[Supplied information Boundary: Start]

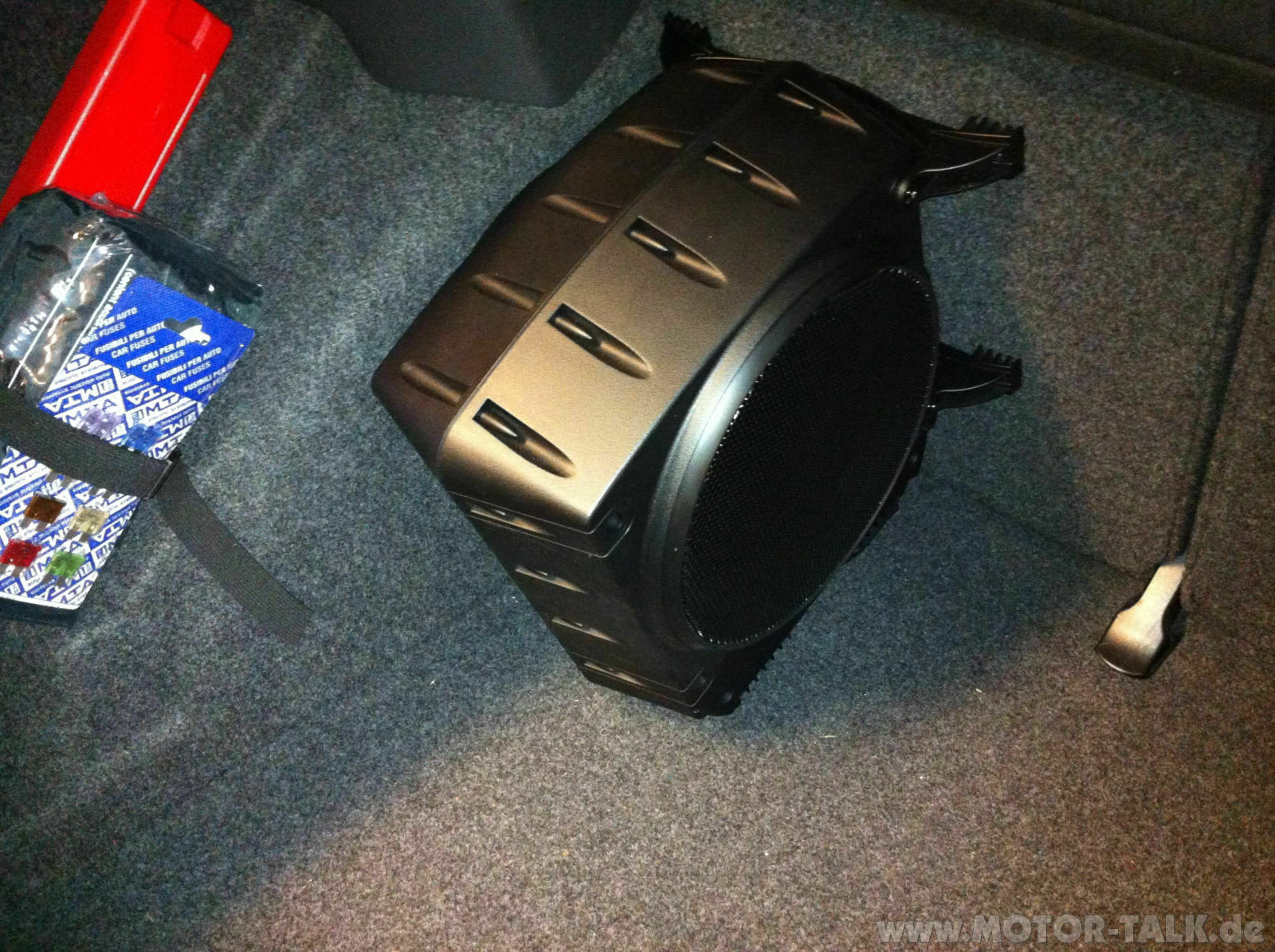 Lautsprecher Golf 5 hinten nachrüsten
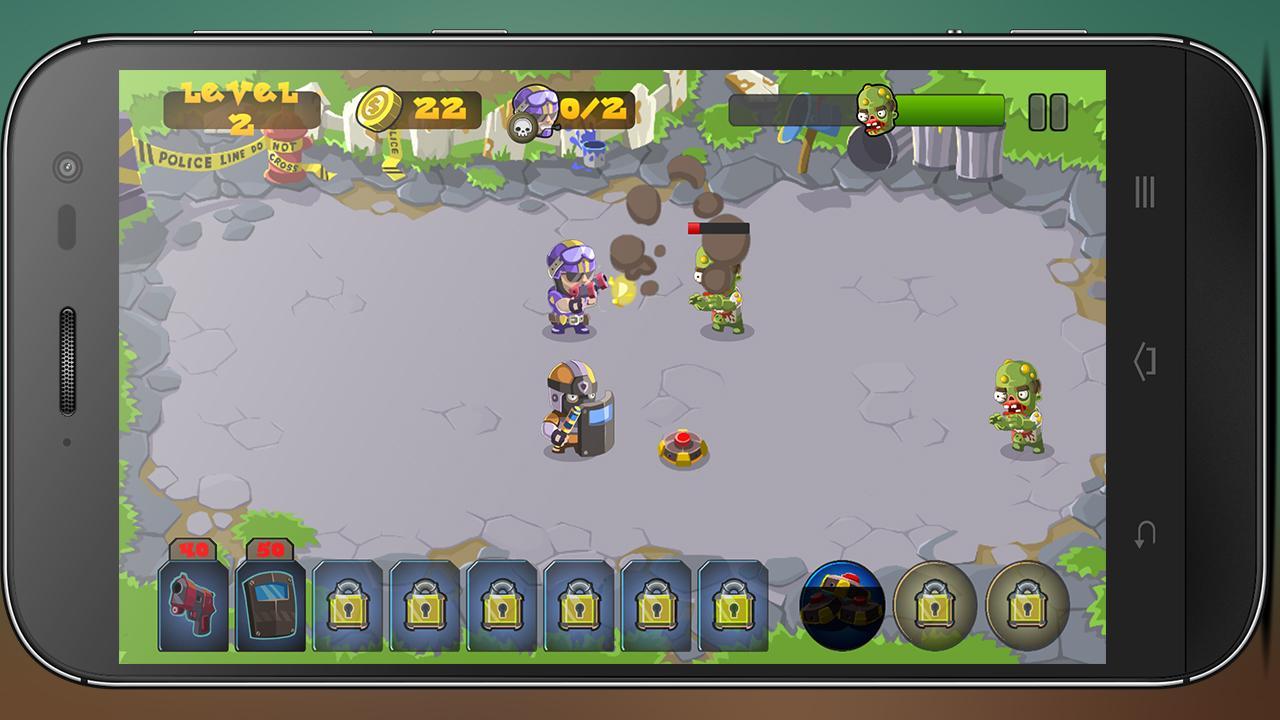 SWAT Forces Vs Zombies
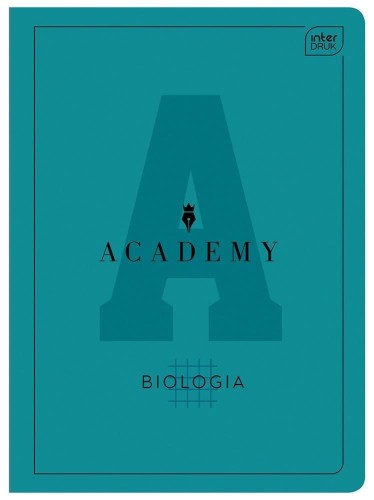 Zeszyt A5/60K Kratka Academy Biologia (10szt)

[Supplied information Boundary: End]

__Task prompt__. Write the material out again exactly. Skip each picture.

__Solution to this problem__.
 Lautsprecher Golf 5 hinten nachrüsten
 SWAT Forces Vs Zombies
 Zeszyt A5/60K Kratka Academy Biologia (10szt)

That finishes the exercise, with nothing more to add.